At a press conference in Hanoi on July 3 ahead of the event, the officials said the VBF includes three main sessions focusing on building value chains, addressing technological challenges, and developing financial resources for sustainable growth.
The forum serves as a dialogue mechanism between the Government of Vietnam and the national and international business communities to improve business conditions necessary to foster the development of private enterprises, facilitate investment environment, and contribute to sustainable economic growth.
According to Tomaso, the connectivity between domestic businesses and foreign direct investment (FDI) ones requires business restructuring because most of the Vietnamese companies are operating at a small scale and they are short of experience in sales of high-quality products with reasonable prices.
Companies at home need international-standard management capacity and assistance from training schools, service, banking, insurance and technology companies, something not easy due to legal barriers, he said.
In fact, many foreign firms are concerned about issues relating to intellectual property rights and dispute solution. The Vietnamese Government could do a lot to ease these problems, he added.
Loc suggested the country focus on economic institutional reform and business environment improvement in addition to prompting import-export activities and seizing new trade and investment opportunities.
He noted that not all ministries, departments and localities nationwide take concrete actions to reform administrative procedures and improve business climate as directed by the Government.
For example, after four years of the implementation the National Single Window (NSW) mechanism, the number of administrative procedures deployed remains at 47 out of the total 245.
The number of items removed from the specialized inspection category accounts for less than 6 percent.
Among the 164 lists of goods subject to specialized inspection, up to 63 items have yet been officially promulgated by ministries and relevant departments.
The average time for specialized examination is 76 hours per procedure, three times that of ASEAN-4 countries (Indonesia, Malaysia, the Philippines and Thailand).
Loc stressed that the Government has requested all ministries and relevant departments to reduce and simplify half of the business requirements, and suggested strengthening cooperation mechanism between the State management agencies and the businesses.

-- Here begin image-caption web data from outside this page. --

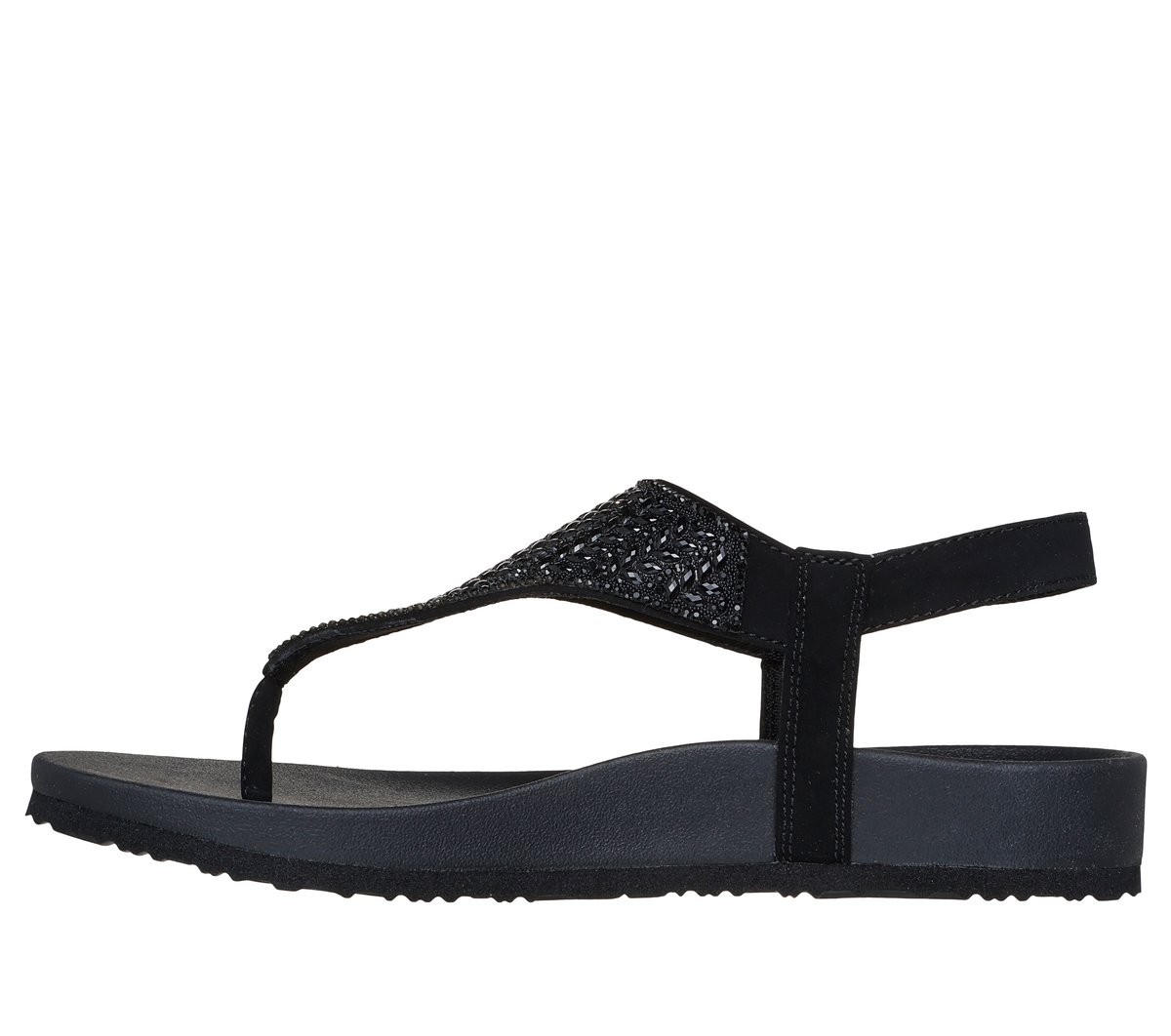 119408_BBK_PROFILE_05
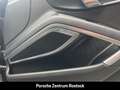 Porsche 991 911 Turbo S Cabrio Burmester PVTS+ Klimasitze Negru - thumbnail 23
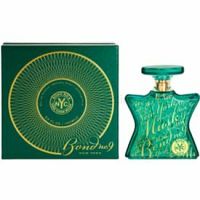 Bond No. 9 Uptown New York Musk Parfumovaná voda unisex 100 ml
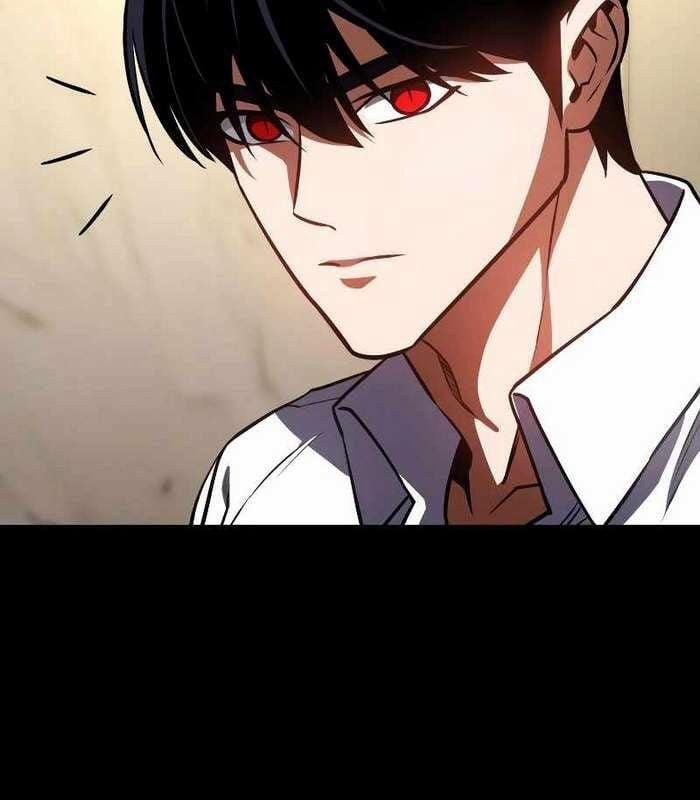 Nhật Hành Nhân 16 trang 113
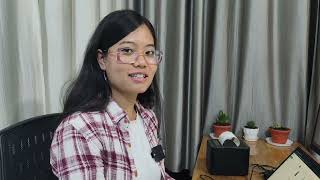 Restronp | How to Add Tables | Area Management | Restaurant Management and POS Software in Nepal 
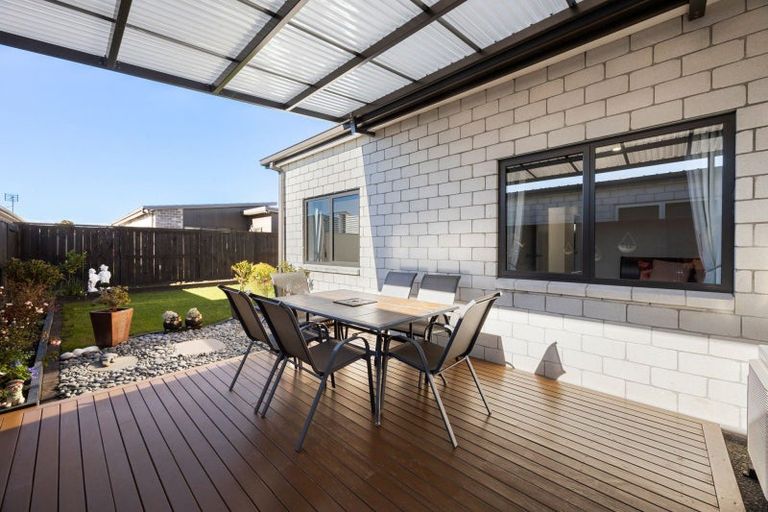 Photo of property in 20 Trewern Avenue, Chartwell, Hamilton, 3210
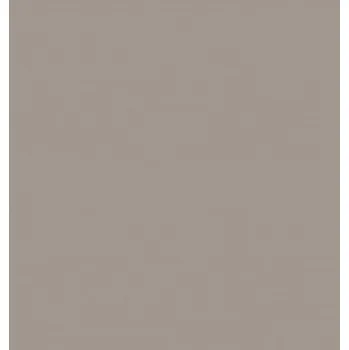 Tapeta Samolepicí fólie Dc-fix 45 x 200 cm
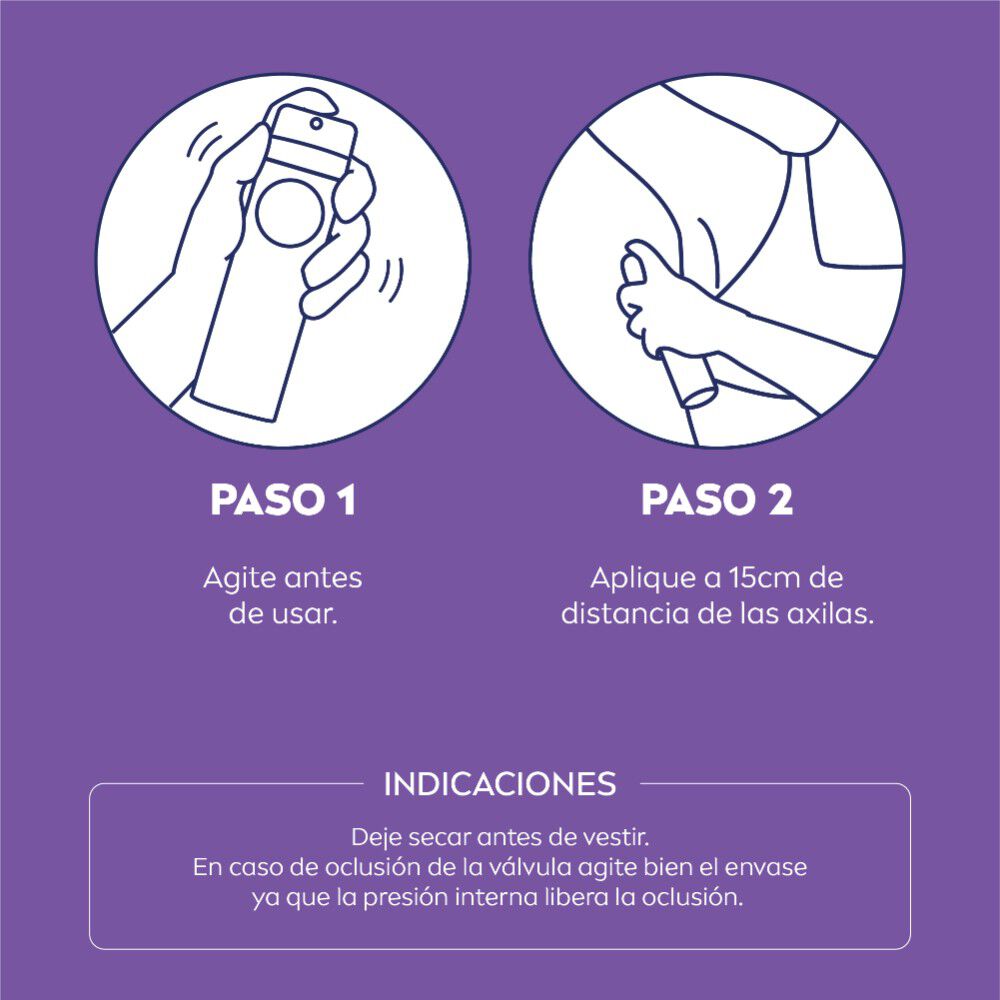 Desodorante-Spray-Double-Effect-150-mL-imagen-4
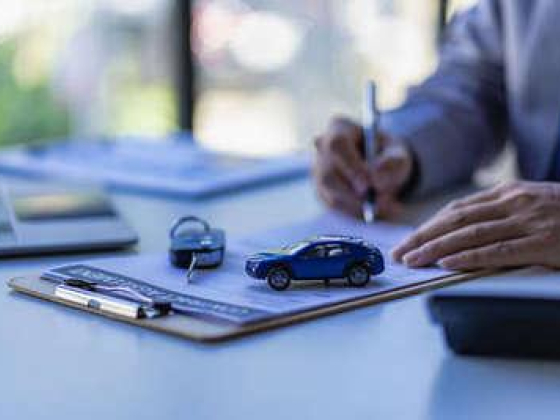 Al Majd Car Rental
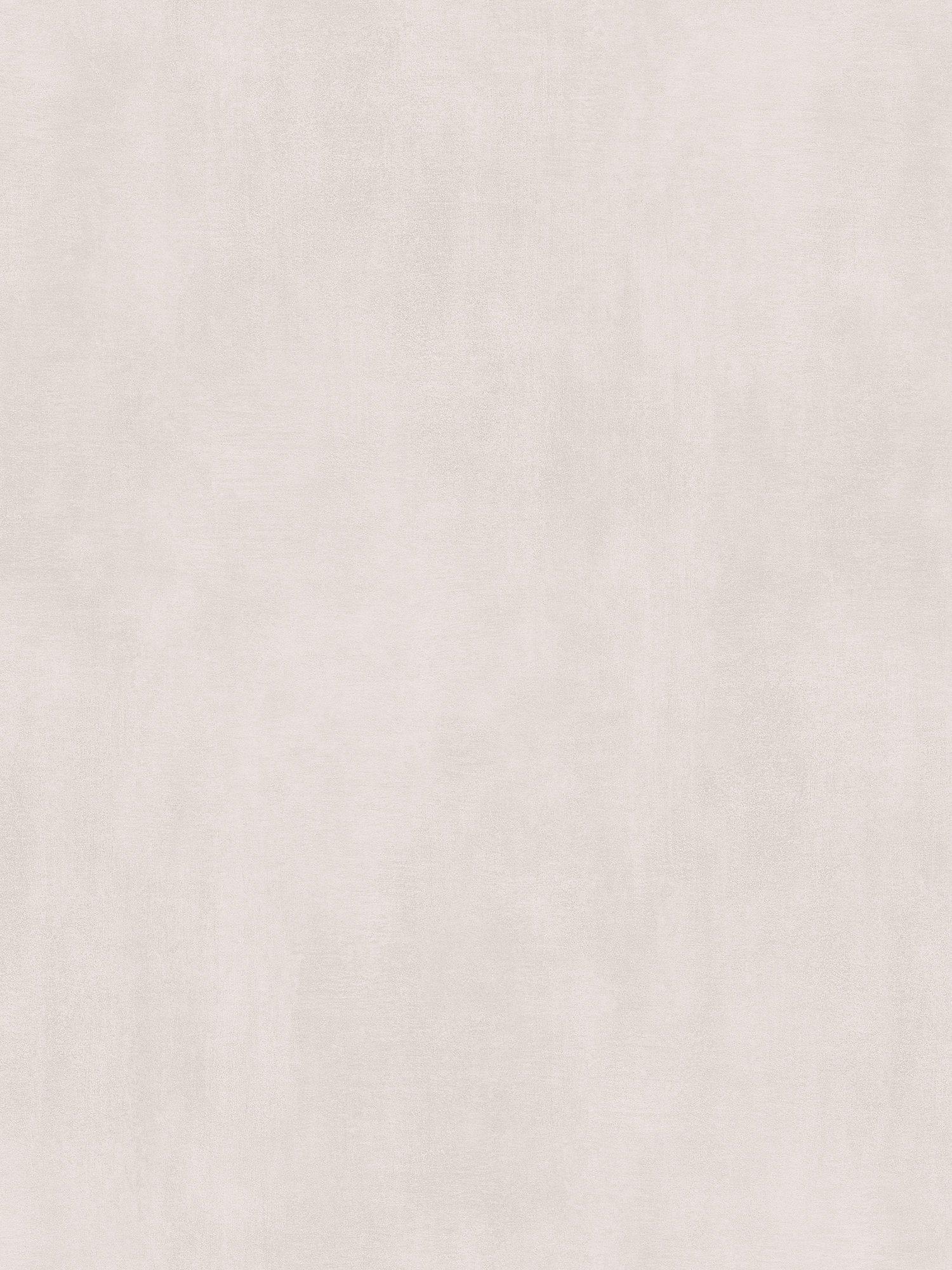 Galerie Elisir Soft Plain Wallpaper, EL21006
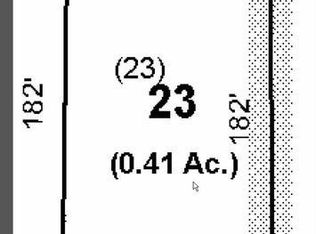 4193 C Rogers Rd, Gainesville, GA 30506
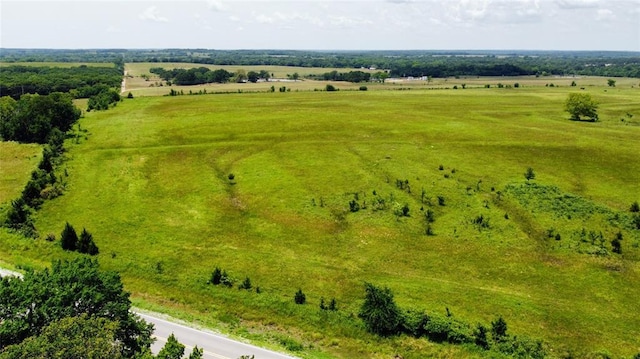 0002 E 3690th Rd, Okemah, OK 74859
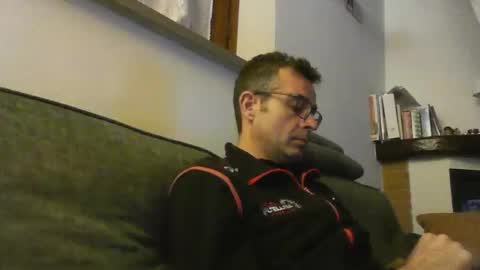 Italiandaddyitalydickassbottomassholecomshowmasturbatenudeboyitalyatleticcutemuscolarhardcockdickboy online show from 02/01/26, 09:24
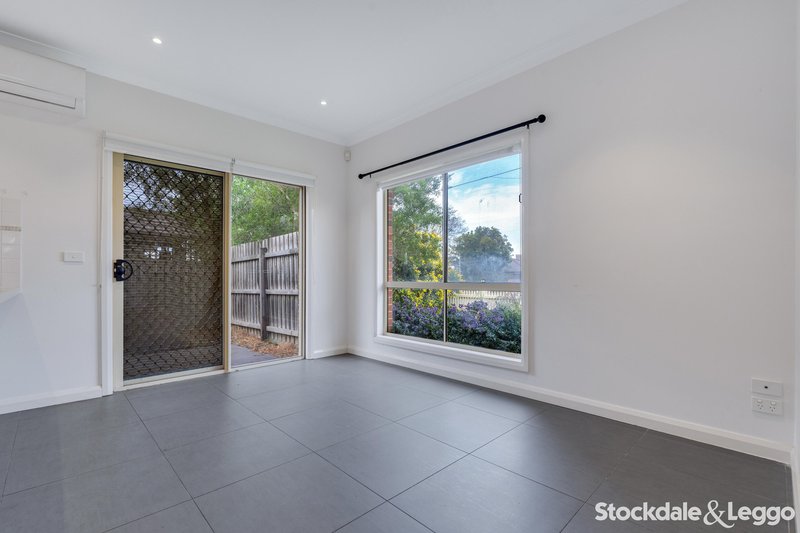 Photo - 1/46 Gladstone Parade, Glenroy VIC 3046 - Image 4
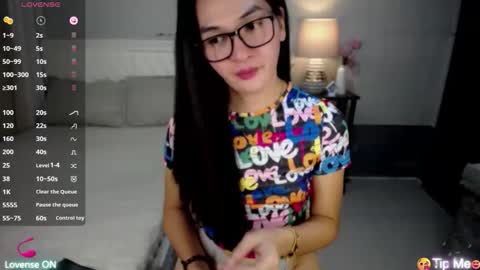 brianna_shemale online show from May 31, 2:10 am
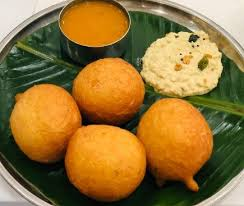 Mysore Bonda (4)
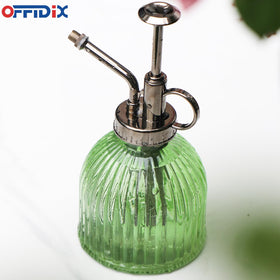 OFFIDIX indoor-plant mister for small watering routines.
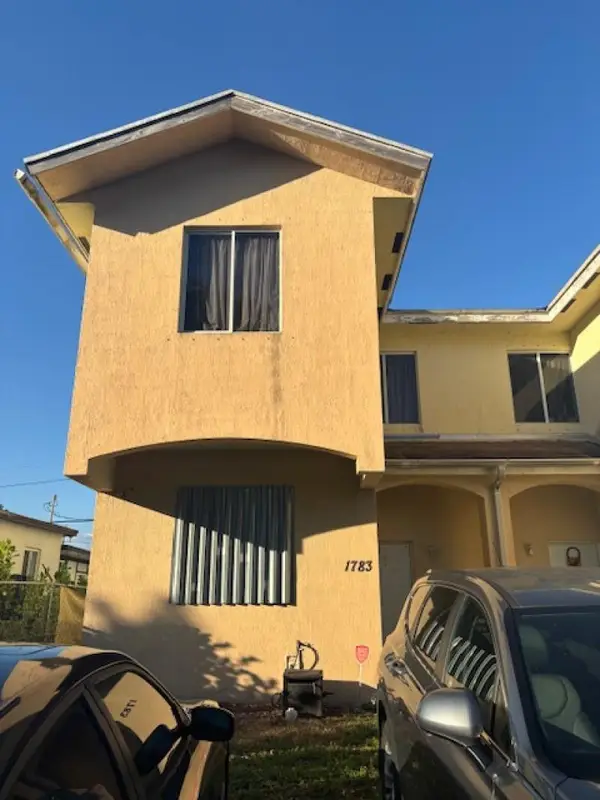 1783 NW 53rd St #2, Miami, FL 33142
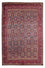 Persisk tæppe - Classic - 314 x 214 cm - lysrød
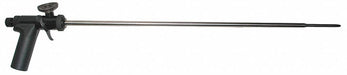 Spray Applicator Gun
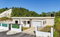 First image of 112 Miraval Estate, Bybrook in Santa Cruz, St. Elizabeth, Jamaica - property is For Sale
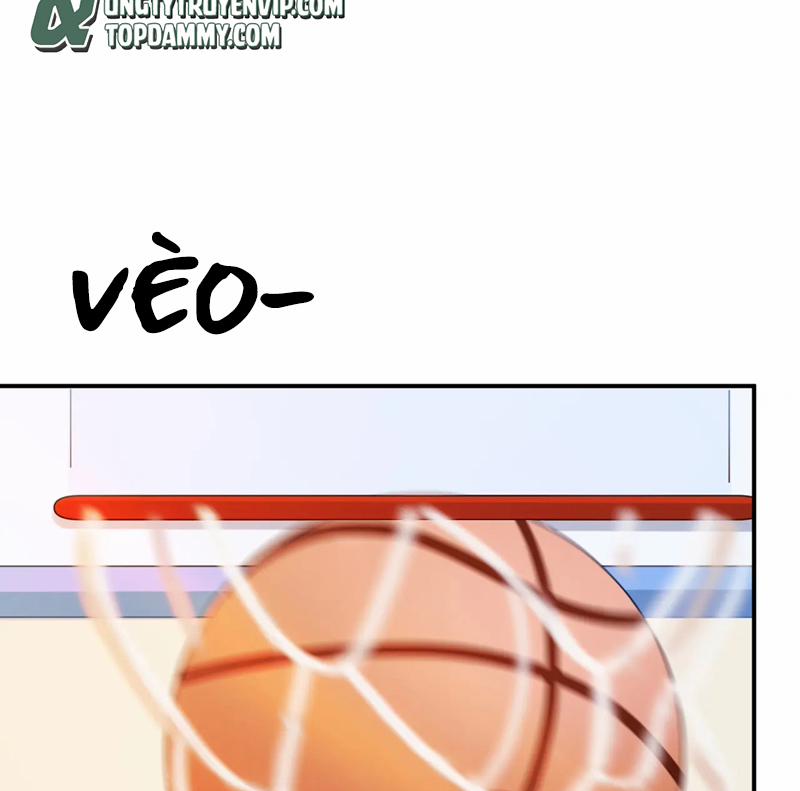 Có Bản Lĩnh Thì Cứ Hung Dữ Đi? 134 trang 4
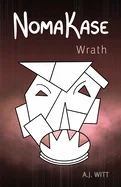 NomaKase: Wrath (Second Dinner Service)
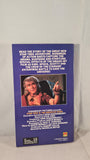 Richard J Anobile - Star Trek II, The Wrath of Khan, Magnet Book, 1982, Paperbacks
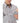 Costume National White Cotton Men Shirt
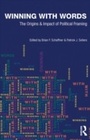 Cover: Winning with Words - Routledge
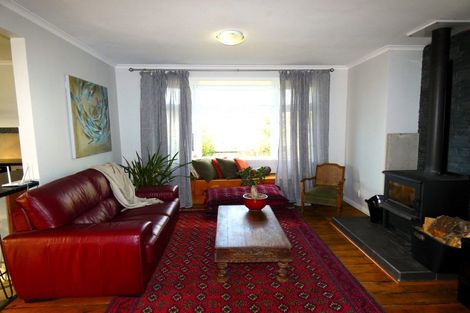 Photo of property in 53 Bright Street, Westport, 7825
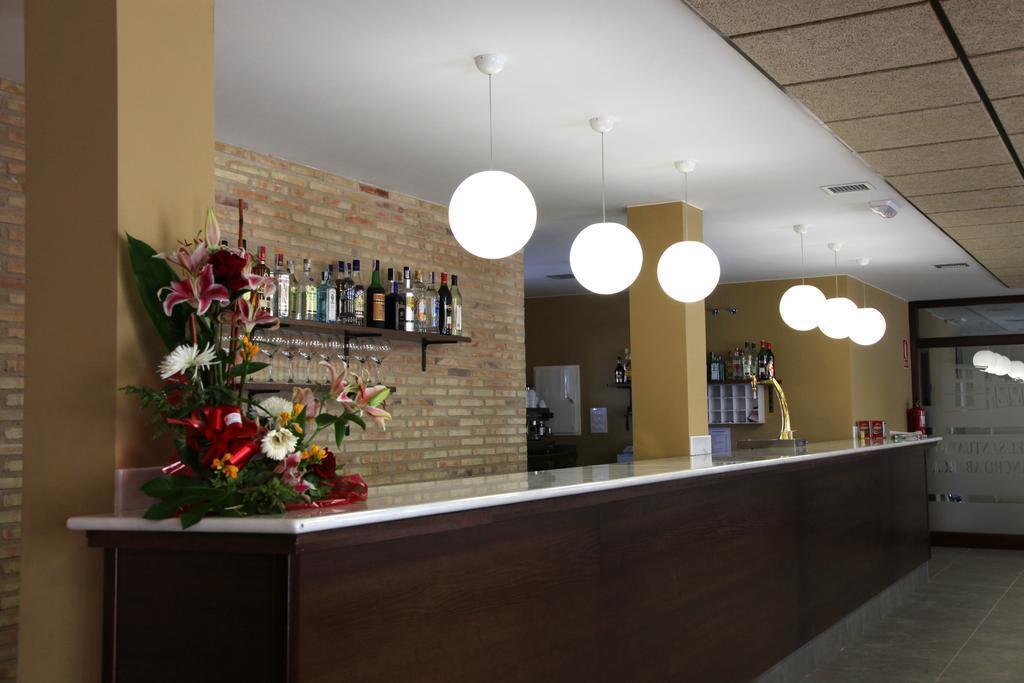 hotel image 14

Besides reforming administrative procedures, improving trade and customs procedures and specialized inspections, ministries and relevant departments should make the maximum use of opportunities from commitments and execution of new-generation trade agreements, including the Comprehensive and Progressive Agreement for Trans-Pacific Partnership (CPTPP).
This will help create breakthroughs in reforming the legal system and economic institutions comprehensively as well as bring about numerous opportunities and bright prospects for the country’s economic development, Loc affirmed.